Very young children will put you through your paces at the best of times. With a misbehaving 3-year-old, taking care of that one child can be as exhausting as looking after several at once. Learning to deal with and even reduce the bratty behavior of a child this age is a process that requires both patience from you as well as a more developed understanding of child psychology. Improve your communication and empathy with the child to help improve his behavior.
Language Development and Miscommunication
Improve your communication with the child by examining common adult/child miscommunications. In the book “What Did I Just Say?” developmental psychologists Denis Donovan and Deborah McIntyre point out that many adult expressions and phrases are misunderstood by young children who use simple language and understand words literalistically. For example, you may use the words “Do you want a time out?” as a means of warning a child against continuing unwanted behavior, but a 3-year-old will likely interpret the question literally, say “no” and continue the objectionable behavior, not understanding that the adult wanted him to stop. Police your language for these types of problems and look for examples of “bratty” behavior that come from mere misunderstandings.
Understanding the typical emotional development of a 3-year-old will help you know how to deal with the child. According to family life specialist Lesia Oesterreich on the "National Network for Child Care" website, children of this age still struggle with sharing and cooperating and seek attention and approval from adults. Avoid putting sharing or cooperation requirements on the child that are inappropriate for her age, and use positive, attentive reinforcement of good behavior.
Demonstrate to the child that you understand his feelings by naming them, especially in situations where his feelings are driving him to act out. Say things like, “I know that you don't want to do this and that makes you angry.” Show that you are aware of his feelings and take them into consideration but expect that he manage his emotions and develop self-control. When possible, refer to yourself to teach him by example. Say things like, “Sometimes, I don't want to do what I'm supposed to do, either, but I do it because other people need me to.”

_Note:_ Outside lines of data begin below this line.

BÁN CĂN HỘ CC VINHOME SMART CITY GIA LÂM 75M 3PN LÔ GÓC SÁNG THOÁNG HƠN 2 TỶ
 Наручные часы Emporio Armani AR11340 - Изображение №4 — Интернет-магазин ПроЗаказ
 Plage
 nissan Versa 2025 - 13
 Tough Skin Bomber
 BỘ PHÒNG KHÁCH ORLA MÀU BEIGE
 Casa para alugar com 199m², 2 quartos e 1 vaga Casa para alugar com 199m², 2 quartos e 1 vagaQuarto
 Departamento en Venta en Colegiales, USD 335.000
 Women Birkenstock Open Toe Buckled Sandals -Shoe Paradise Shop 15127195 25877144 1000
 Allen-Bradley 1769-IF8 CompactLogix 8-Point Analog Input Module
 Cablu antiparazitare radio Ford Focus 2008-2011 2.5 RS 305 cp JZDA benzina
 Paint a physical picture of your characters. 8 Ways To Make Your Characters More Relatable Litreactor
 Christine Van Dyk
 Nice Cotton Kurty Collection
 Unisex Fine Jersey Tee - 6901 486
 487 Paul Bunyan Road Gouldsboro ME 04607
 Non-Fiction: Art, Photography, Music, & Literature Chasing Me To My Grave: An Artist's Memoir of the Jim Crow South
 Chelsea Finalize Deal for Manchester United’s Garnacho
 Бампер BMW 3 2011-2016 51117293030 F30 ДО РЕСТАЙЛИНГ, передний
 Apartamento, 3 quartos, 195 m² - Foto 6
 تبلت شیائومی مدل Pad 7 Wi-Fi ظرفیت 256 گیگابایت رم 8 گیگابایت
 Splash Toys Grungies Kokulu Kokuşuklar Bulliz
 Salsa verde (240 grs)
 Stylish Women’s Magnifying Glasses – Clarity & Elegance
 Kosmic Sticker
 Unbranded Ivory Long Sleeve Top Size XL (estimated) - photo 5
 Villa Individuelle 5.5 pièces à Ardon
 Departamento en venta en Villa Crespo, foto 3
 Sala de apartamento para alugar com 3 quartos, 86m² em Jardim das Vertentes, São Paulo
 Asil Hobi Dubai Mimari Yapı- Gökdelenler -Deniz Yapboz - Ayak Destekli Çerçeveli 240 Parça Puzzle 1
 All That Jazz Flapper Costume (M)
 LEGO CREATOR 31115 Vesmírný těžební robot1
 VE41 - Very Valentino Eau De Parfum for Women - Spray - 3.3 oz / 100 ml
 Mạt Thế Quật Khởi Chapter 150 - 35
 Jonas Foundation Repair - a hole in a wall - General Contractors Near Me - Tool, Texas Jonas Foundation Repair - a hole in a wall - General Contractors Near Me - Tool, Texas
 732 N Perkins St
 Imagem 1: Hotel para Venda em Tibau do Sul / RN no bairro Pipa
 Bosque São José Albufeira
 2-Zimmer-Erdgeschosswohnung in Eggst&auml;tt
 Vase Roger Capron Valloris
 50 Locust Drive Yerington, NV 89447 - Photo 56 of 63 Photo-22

Work on developing a clearer, more detailed and more vivid recollection of your own childhood. This will help you to be more in touch with what this child's experience is of the world. Recall times when things didn't make sense to you or when the rules that adults made for you seemed unfair and infuriating. Remember how you were building your sense of the world and how it worked and the healthy, normal self-centeredness you had as a child. Think of what adults could have said to you to help you understand the world and your behavior in it and use this as a guide in how you deal with a difficult child.